(Recorded information)

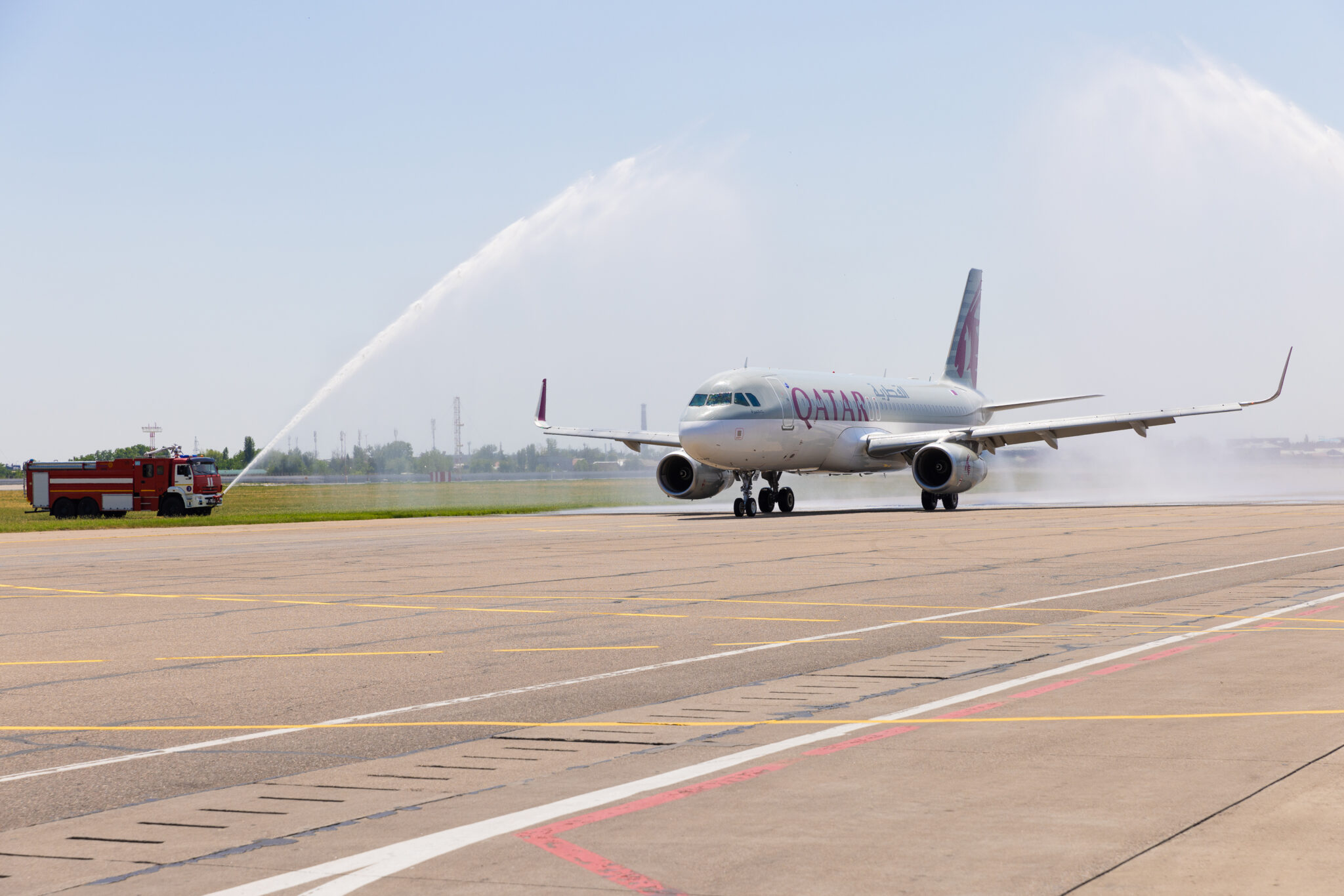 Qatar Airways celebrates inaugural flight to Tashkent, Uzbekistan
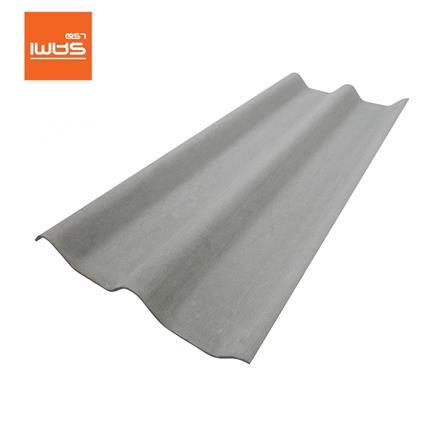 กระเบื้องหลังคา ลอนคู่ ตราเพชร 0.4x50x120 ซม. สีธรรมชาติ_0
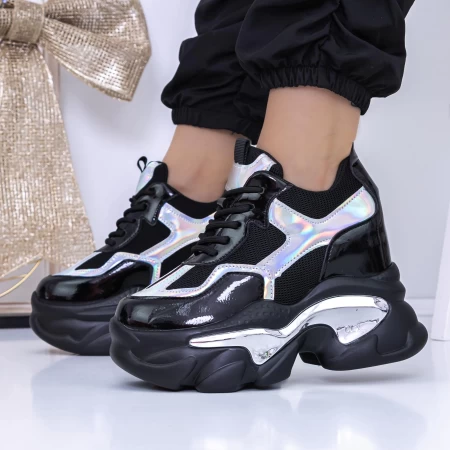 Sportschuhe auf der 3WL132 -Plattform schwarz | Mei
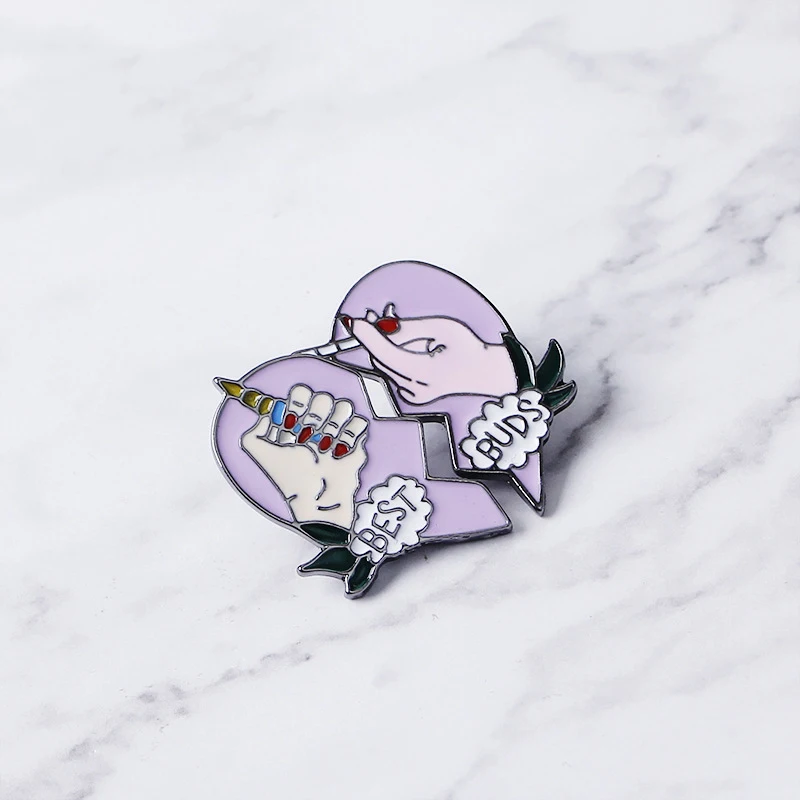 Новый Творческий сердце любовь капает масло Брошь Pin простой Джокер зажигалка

(End Recorded information)

An exact, word-for-word version of the material is required, free of pictures.

 Qatar Airways celebrates inaugural flight to Tashkent, Uzbekistan
 กระเบื้องหลังคา ลอนคู่ ตราเพชร 0.4x50x120 ซม. สีธรรมชาติ_0
 Sportschuhe auf der 3WL132 -Plattform schwarz | Mei
 Новый Творческий сердце любовь капает масло Брошь Pin простой Джокер зажигалка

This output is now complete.